The New York Time's coverage of the crisis is equally well-written and informative, however it does have the slight advantage of being a bit more wordy and unapproachable. I'm not one for simplifying news, but as I've made it aware, money is the Achilles heel of my news understanding. Reading statements like the following is enough to make me panic, sweat and have to re-read sentences like 40 times...
"The contingent shares would give taxpayers an equity stake in companies seeking help through the rescue program, potentially allowing the government not only to recoup however much of the $700 billion it spends on bad debt, but also to profit should the financial firms prosper in years ahead. The legislation would require the value of the contingent shares to equal the value of the assets purchased by the government."

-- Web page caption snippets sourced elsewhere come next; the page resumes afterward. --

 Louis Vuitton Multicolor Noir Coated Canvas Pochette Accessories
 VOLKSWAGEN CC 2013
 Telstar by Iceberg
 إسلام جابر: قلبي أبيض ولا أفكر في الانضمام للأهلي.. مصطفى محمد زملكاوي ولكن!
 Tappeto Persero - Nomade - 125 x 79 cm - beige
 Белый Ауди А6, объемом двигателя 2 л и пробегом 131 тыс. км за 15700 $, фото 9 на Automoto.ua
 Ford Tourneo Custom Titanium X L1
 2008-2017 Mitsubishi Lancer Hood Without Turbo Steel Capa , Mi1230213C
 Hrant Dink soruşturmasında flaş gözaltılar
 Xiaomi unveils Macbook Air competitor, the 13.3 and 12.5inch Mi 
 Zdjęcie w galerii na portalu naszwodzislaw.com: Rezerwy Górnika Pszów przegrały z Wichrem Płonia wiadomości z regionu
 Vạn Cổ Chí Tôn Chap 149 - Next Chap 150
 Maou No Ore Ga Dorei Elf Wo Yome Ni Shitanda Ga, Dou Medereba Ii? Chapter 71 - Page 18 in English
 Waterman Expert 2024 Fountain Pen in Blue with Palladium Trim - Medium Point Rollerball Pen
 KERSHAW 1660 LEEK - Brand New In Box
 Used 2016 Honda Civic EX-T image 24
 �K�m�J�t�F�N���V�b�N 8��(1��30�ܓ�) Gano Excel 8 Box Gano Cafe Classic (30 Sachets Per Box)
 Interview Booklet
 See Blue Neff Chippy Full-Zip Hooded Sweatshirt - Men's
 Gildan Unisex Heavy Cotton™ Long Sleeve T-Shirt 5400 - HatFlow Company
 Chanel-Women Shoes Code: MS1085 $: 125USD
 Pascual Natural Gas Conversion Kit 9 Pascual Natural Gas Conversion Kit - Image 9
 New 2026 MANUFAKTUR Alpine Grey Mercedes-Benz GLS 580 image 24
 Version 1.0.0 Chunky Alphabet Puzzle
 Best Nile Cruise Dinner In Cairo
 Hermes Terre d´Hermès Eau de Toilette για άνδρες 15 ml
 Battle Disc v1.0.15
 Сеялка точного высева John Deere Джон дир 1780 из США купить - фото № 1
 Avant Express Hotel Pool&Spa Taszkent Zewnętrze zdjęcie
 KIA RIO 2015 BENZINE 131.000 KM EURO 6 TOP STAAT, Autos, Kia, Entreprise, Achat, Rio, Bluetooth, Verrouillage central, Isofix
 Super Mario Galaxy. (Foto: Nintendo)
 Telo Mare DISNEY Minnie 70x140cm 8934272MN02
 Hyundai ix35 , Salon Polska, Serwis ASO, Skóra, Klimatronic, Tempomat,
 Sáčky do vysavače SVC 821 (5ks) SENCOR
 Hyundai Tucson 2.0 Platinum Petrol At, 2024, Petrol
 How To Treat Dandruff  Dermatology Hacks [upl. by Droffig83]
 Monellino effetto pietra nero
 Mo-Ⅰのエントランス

Yikes. Still, despite being a tad overwhelming, The Times' coverage is as in-depth as The Post's, albeit a tad more straight-forward than the Post's which included a lot of different aspects of the story and a bit more analysis of the various plans. The Times does include a lot of quotes from those involved or with knowledge that makes the all around reading experience a bit more fluent and flowing. And despite however many Jayson Blairs you can throw at me, I still view the New York Times as a trusted source because my experience reading Vanity Fair has taught me to listen to those who think they're better than me. They're known for having a liberal bias, but I honestly didn't spot much of one here. The article was about criticism of the buy-out and it looked at it from both perspectives (assuming there are only two. We're pretty acclimated to a two-party system here). And since I don't quite get how to work this site yet, here is a link to the article that you'll have to copy and paste

Finally, like everyone who is looking for bias in a news article, I headed on over to Fox News' website in the hopes of finding something unapologetic in it's one sided brazenness. Despite my expectations, I was still beside myself when I saw the headline for an article on the very same subject..."Dems Tack on Extras." From that headline you really don't even know what the subject is about. All we get is that those no good Democrats are adding on costs like they (ed: we) always do. Early on the article was big on sensationalism, eager to shock with comparisons to The Great Depression that are all rooted back to liberal spending. There is a surprising amount of content for a news site that loves to work with nothing but sound bites, however, most of the content is rushed and spun in a way that doesn't reflect anything the other two sources had. Congress and Pelosi are painted as incompetent and harsh language like "demanded" is used with Democratic subjects. The bias is quite clear, here more evident than usual, and unsurprising considering the reputation the network has. The amount of coverage on this site is much less than the other two as well. Election coverage (much more flashy) gets the majority of the home page space. The other two site's main stories were all on the economic crises (about two-three stories each), but Fox was too busy giving space to an anti-Obama book called "The Audacity of Deceit." My opinion, however biased IT may be, is that Fox has less on the situation because the subject is much more complicated to comprehend than most news stories and its content doesn't translate to quick news blurbs as well as the latest presidential polls do.
Read it at this site:,2933,426160,00.html

Overall, I liked The Washington Post's coverage the best because it had the most information and presented it in a way which did not dumb down the issue.